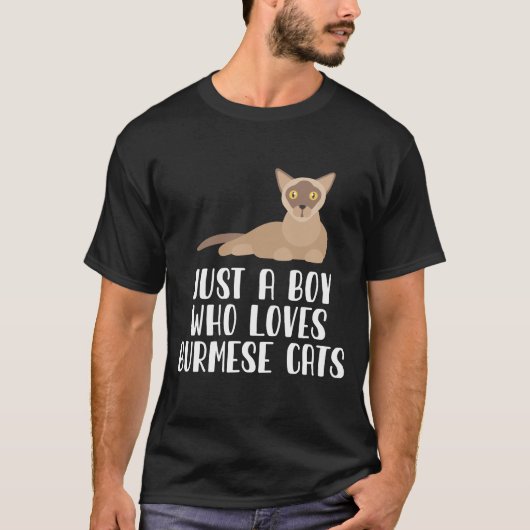 T-shirt Juste un garçon qui aime les chats birmans (Devant)
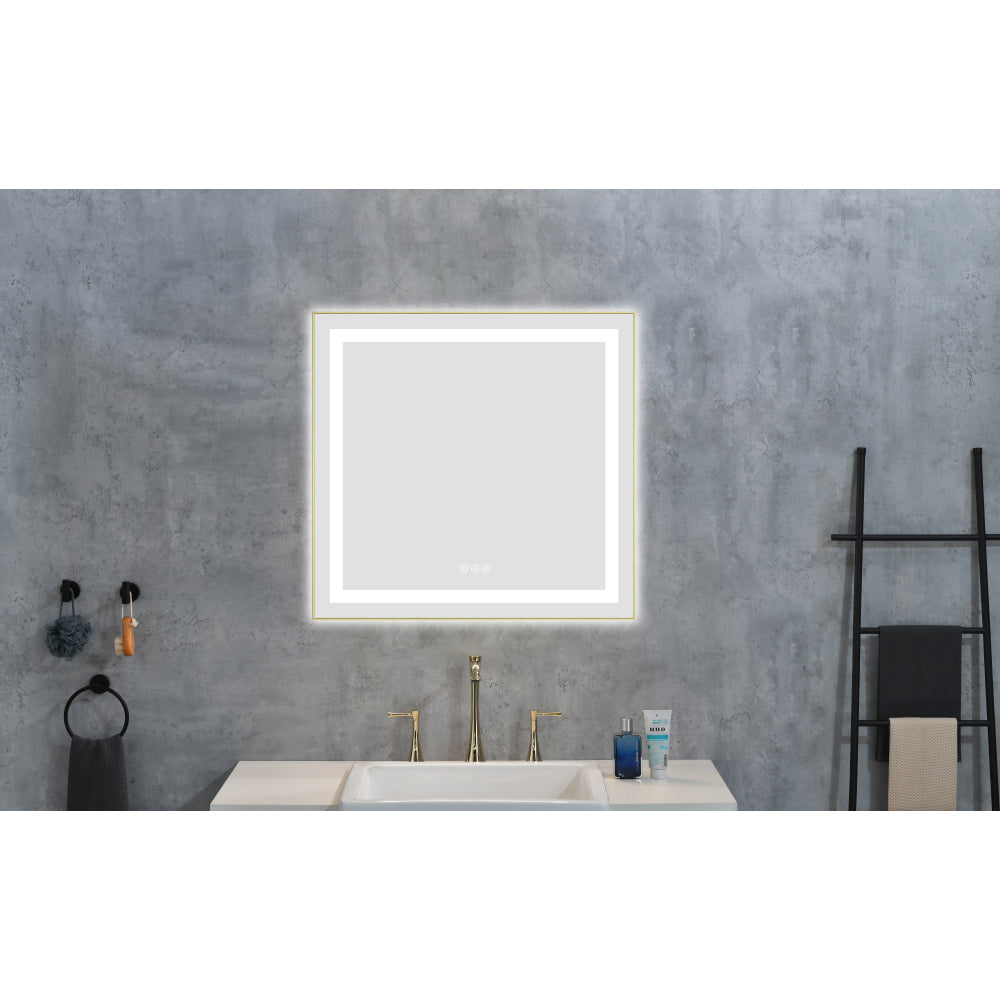 40" x 24" Inch LED Bathroom Mirror with Front and Backlight, Wall Mounted Vanity Mirror with Aluminum Frame, Anti-Fog, Memory, 3 Colors, Stepless Dimmable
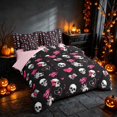thumbnail image 1 of Homewish Halloween Skull Skeleton Twin Bedding for Girls, Love Heart Lips Bedding Comforter Set, Black Hot Pink White, Pink Reversible 7pcs, 1 of 7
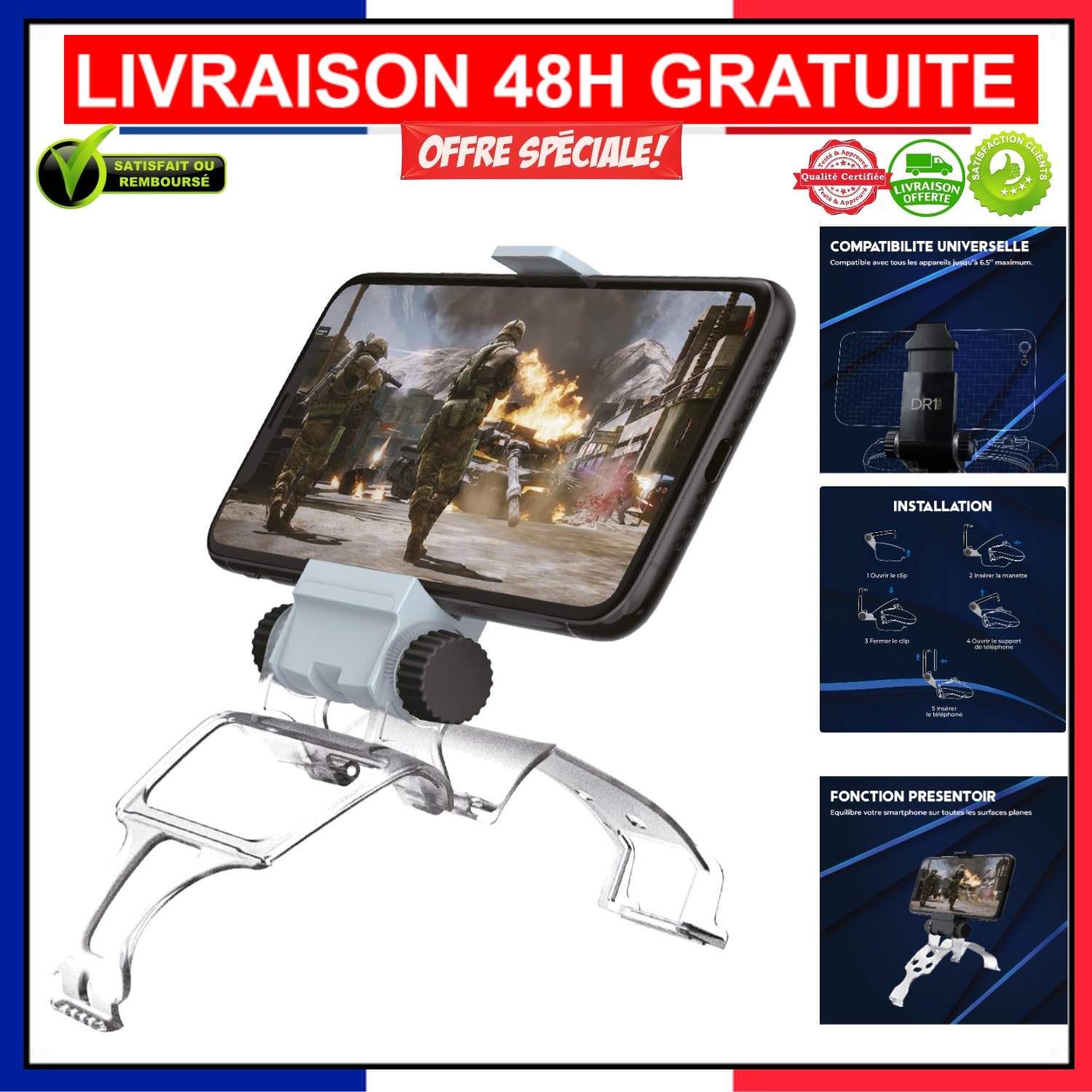 GameGripX+ Support Téléphone Xbox One Ajustable et Léger en Carbone Noir
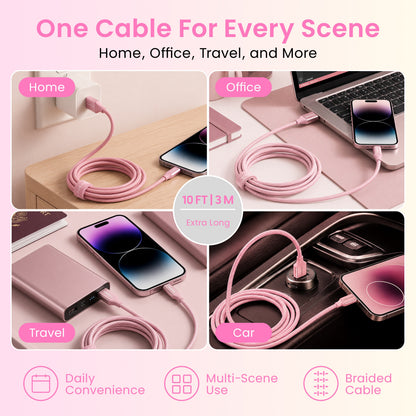 Emerald 10ft Braided USB-A to Lightning, Fast Charging & Data Syncing Cable Compatible with iPhone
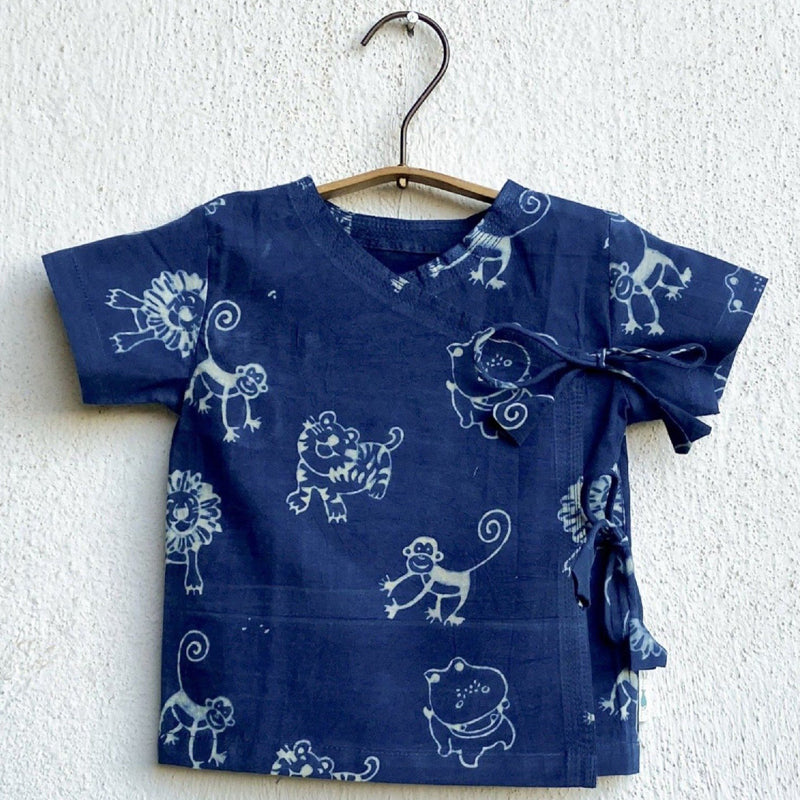 WHITEWATER KIDS UNISEX ORGANIC NEWBORN BAG - INDIGO ZOO + WHITE ANGRAKHA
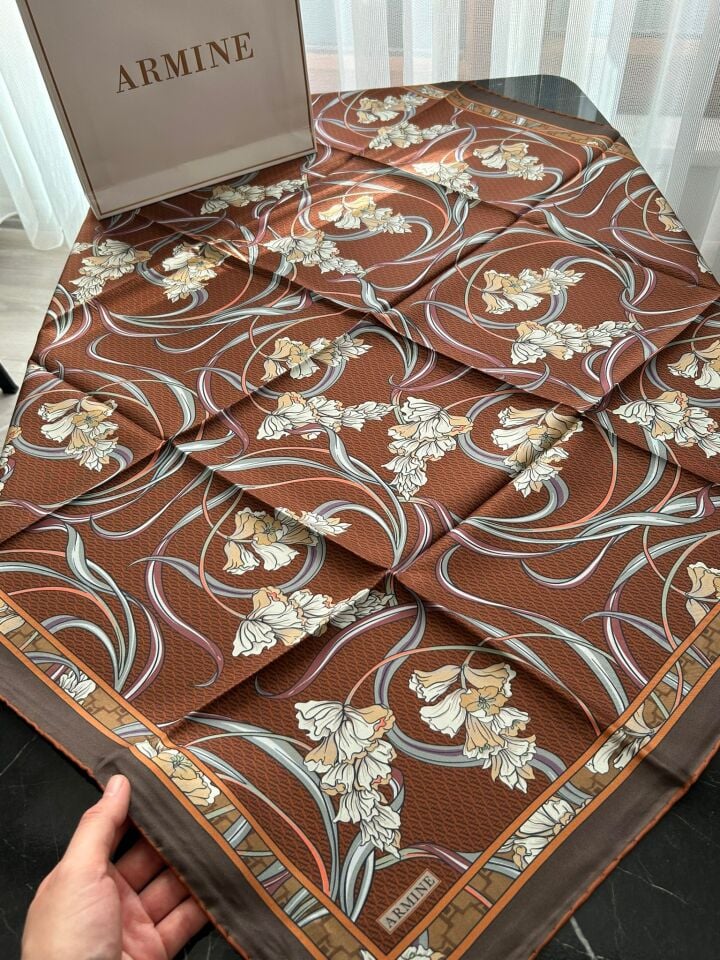 Armine 2026 İlkbahar Yaz Tivil İpek Eşarp 9512-54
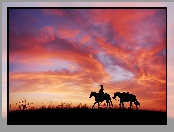 Jeździec, Zachód słońca, Konie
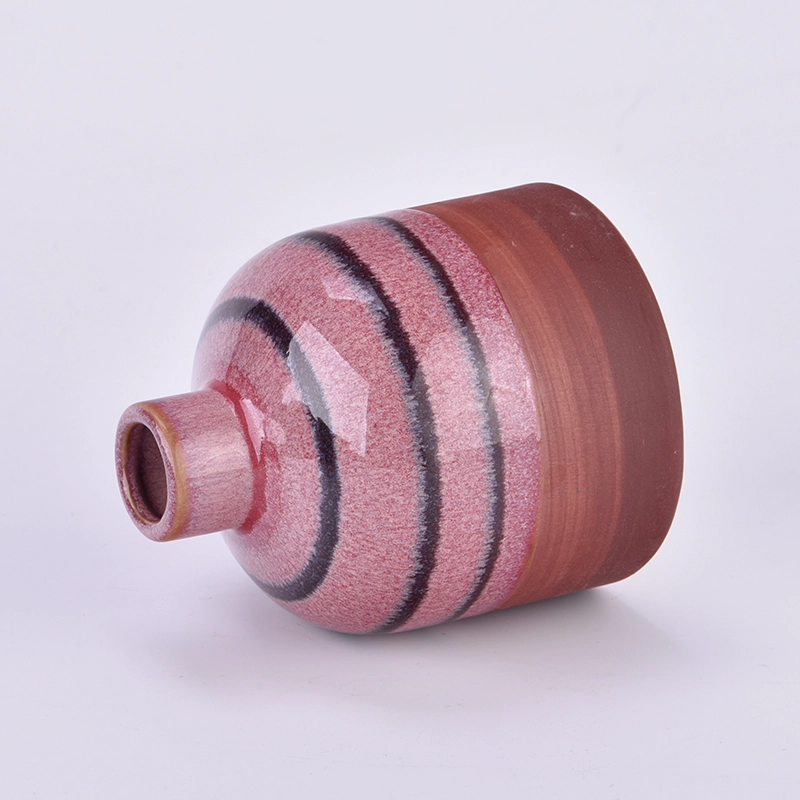 Luxury Colored Glazed Ceramic Reed Diffuser Bottle for Home Fragrance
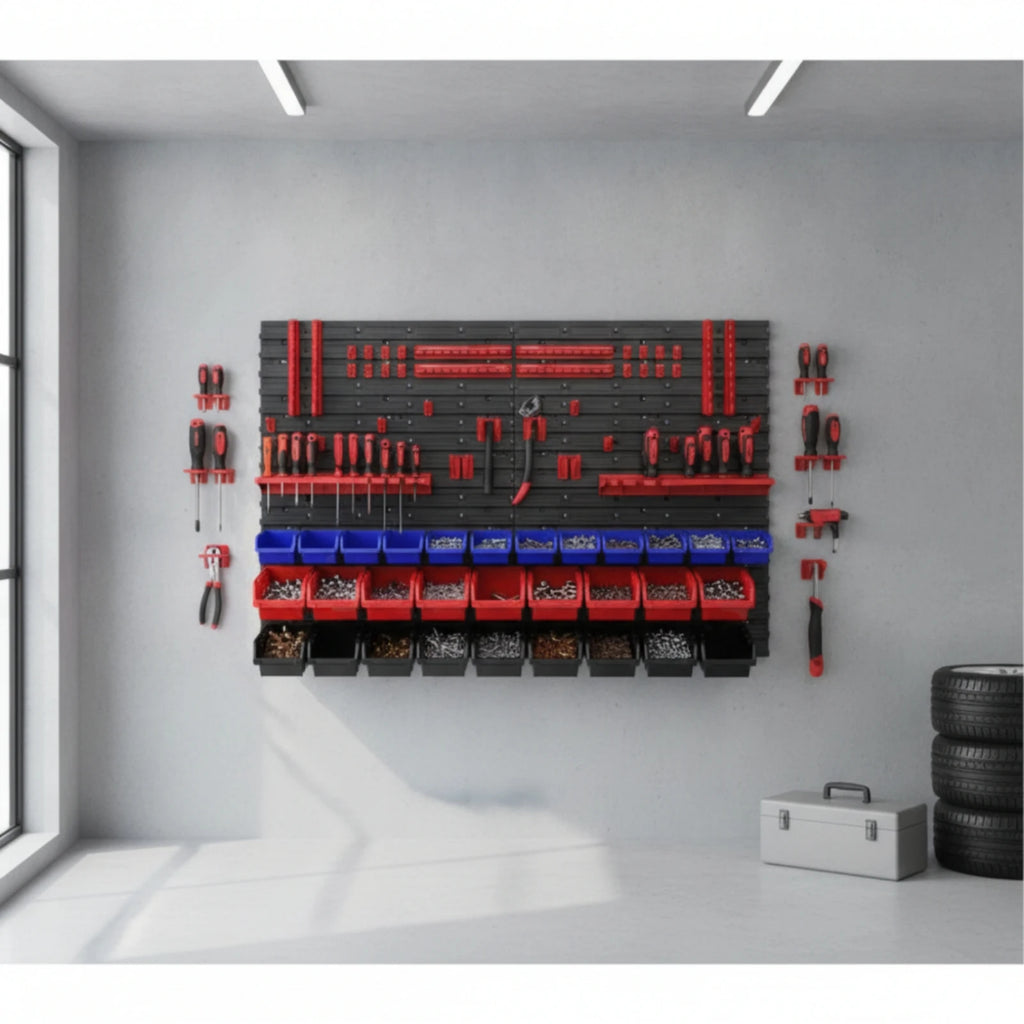 Pegboard Organizer with Bins Modular Tool Organizer Board Wall-Mounted Storage Rack with Bins Customizable for DIYers, Workshop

--

• _Requirement_
Without the pictures, retype exactly the lines from the one that holds "Emerald 10ft Braided" to the last line of the data above, both of them included.

• _Result_
 Emerald 10ft Braided USB-A to Lightning, Fast Charging & Data Syncing Cable Compatible with iPhone
 WHITEWATER KIDS UNISEX ORGANIC NEWBORN BAG - INDIGO ZOO + WHITE ANGRAKHA
 Armine 2026 İlkbahar Yaz Tivil İpek Eşarp 9512-54
 Jeździec, Zachód słońca, Konie
 Luxury Colored Glazed Ceramic Reed Diffuser Bottle for Home Fragrance
 Pegboard Organizer with Bins Modular Tool Organizer Board Wall-Mounted Storage Rack with Bins Customizable for DIYers, Workshop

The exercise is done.